AMD is the new standard for High Performance Computing
AMD has proven leadership in all areas critical for success in the HPC market. Let’s start with performance. AMD EPYC 7002 Series Processors deliver world record performance with ~2.3X generational performance increase and outpace Intel Xeon Platinum 8280L by up to 102%.1 AMD offers a simple SKU stack from 8 cores up to 64 cores plus high frequency SKUs so you can choose the right processor for the job. Does your application require lots of L3 cache? No problem. AMD EPYC processors offer 16 MB per 4 cores. Do you need access to lots of memory? We have that covered. With support for 8 channels and up to 4TB per socket at the fastest 3200MT/S speeds, AMD EPYC processors deliver the highest available memory.

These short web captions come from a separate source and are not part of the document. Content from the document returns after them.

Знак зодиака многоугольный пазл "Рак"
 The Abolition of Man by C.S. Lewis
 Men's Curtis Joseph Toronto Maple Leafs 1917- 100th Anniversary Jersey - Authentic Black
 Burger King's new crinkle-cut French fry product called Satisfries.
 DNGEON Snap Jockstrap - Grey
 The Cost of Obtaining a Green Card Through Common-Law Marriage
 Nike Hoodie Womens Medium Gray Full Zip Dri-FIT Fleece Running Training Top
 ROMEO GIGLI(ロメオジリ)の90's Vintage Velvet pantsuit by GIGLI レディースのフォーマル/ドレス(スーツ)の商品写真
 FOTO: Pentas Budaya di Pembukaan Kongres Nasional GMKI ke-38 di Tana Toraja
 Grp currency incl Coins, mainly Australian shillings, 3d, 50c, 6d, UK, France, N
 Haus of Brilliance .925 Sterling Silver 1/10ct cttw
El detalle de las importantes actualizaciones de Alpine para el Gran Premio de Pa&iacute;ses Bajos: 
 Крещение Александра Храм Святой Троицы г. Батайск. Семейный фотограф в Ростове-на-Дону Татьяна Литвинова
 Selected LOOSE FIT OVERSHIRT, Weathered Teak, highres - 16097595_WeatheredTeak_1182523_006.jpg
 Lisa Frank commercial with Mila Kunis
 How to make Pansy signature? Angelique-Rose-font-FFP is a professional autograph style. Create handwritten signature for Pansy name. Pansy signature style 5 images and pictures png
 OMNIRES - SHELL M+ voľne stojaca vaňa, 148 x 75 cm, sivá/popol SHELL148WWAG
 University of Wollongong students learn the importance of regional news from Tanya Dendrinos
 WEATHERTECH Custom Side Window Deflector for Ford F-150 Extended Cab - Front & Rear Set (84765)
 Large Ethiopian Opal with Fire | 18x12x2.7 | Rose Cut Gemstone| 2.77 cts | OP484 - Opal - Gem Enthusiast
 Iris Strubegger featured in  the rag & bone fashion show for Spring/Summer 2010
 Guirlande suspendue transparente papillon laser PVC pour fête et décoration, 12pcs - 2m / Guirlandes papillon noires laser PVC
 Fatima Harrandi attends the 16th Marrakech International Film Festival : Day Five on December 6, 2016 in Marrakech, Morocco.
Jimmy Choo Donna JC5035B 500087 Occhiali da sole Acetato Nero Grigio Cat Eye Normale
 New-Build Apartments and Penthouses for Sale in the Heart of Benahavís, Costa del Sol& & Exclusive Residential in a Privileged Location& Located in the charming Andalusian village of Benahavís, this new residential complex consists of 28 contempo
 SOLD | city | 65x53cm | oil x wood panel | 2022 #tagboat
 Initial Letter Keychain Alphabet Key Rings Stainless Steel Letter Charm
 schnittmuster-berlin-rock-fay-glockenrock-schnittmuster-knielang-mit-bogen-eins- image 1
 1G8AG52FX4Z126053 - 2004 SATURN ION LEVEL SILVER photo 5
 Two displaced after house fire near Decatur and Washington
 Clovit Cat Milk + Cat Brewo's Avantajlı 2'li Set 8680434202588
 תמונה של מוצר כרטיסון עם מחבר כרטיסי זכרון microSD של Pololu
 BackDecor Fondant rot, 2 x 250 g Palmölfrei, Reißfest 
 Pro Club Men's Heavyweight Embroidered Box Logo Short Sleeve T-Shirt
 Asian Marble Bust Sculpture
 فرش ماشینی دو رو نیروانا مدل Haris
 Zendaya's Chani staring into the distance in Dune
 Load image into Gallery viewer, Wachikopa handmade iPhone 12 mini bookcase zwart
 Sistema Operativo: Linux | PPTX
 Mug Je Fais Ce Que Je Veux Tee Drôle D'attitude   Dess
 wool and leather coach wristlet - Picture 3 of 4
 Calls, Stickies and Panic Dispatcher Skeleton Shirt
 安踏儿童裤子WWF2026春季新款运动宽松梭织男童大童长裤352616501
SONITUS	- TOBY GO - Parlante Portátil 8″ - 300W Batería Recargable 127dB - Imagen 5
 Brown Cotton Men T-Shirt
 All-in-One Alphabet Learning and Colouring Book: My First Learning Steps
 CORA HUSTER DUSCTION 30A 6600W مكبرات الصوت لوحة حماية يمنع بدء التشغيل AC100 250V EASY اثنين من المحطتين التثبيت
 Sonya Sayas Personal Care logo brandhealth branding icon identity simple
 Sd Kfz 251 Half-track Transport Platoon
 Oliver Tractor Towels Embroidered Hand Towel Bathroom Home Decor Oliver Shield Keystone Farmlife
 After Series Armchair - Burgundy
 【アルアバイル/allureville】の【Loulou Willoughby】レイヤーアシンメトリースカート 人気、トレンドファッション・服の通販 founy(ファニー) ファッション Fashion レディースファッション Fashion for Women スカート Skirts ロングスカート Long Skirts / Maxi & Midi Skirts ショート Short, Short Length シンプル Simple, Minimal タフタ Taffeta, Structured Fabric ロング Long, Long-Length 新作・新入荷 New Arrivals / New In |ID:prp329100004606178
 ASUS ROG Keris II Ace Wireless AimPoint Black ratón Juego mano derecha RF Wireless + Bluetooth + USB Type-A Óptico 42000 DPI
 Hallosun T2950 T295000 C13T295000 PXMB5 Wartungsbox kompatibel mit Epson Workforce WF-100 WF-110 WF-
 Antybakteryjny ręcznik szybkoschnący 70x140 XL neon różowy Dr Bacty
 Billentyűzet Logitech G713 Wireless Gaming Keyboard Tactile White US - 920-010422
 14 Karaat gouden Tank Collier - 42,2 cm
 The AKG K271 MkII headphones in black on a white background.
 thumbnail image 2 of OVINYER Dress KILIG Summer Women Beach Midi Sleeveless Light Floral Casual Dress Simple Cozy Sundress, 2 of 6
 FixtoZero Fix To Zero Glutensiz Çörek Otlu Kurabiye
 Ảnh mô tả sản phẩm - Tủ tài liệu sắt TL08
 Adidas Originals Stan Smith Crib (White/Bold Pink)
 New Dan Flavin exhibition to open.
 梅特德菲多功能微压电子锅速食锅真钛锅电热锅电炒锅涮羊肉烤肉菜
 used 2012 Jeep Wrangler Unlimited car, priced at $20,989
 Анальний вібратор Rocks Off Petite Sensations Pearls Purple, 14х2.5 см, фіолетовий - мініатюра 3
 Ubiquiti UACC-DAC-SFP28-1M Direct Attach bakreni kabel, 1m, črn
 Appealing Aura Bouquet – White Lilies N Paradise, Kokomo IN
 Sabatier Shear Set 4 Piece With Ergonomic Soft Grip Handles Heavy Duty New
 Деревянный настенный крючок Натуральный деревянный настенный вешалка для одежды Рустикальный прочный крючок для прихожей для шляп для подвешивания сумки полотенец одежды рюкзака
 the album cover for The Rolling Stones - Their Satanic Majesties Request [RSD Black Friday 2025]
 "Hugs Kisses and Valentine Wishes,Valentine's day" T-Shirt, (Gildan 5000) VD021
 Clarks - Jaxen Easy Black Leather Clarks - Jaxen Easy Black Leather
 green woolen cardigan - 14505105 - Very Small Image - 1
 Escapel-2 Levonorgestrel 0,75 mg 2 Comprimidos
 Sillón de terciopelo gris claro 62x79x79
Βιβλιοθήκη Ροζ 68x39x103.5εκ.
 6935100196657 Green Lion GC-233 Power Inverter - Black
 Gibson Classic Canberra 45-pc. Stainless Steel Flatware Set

Need lots of I/O bandwidth? We offer plenty. With 128 PCIe lanes that can be used to as you wish. And you can choose without compromise since the same feature sets are available from the top of the stack to bottom without a cost increase.
In addition, AMD EPYC 7002 Series Processors offer ground-breaking TCO: two socket AMD EPYC powered servers can deliver up to 49% lower TCO than 2P competition powered servers.2 This is important for HPC applications with high per core license costs to ensure they are being used efficiently.
Next, AMD EPYC processors are “hardened at the core” and boast a set of advanced security features called Infinity Guard. AMD Infinity Guard features a silicon-embedded processor that helps your organization take control of security and decrease risks to your most important assets.
And finally, the AMD Infinity Architecture delivers performance, scale, efficiency and security features for the agility to move at the speed of your business, now and into the future. 2nd generation AMD EPYC processors have a hybrid multi-die SoC design and are the first x86 CPUs built on 7nm and the first to support PCIe Gen4.
What makes the HPE Apollo 6500 Gen10 Plus System with AMD so unique?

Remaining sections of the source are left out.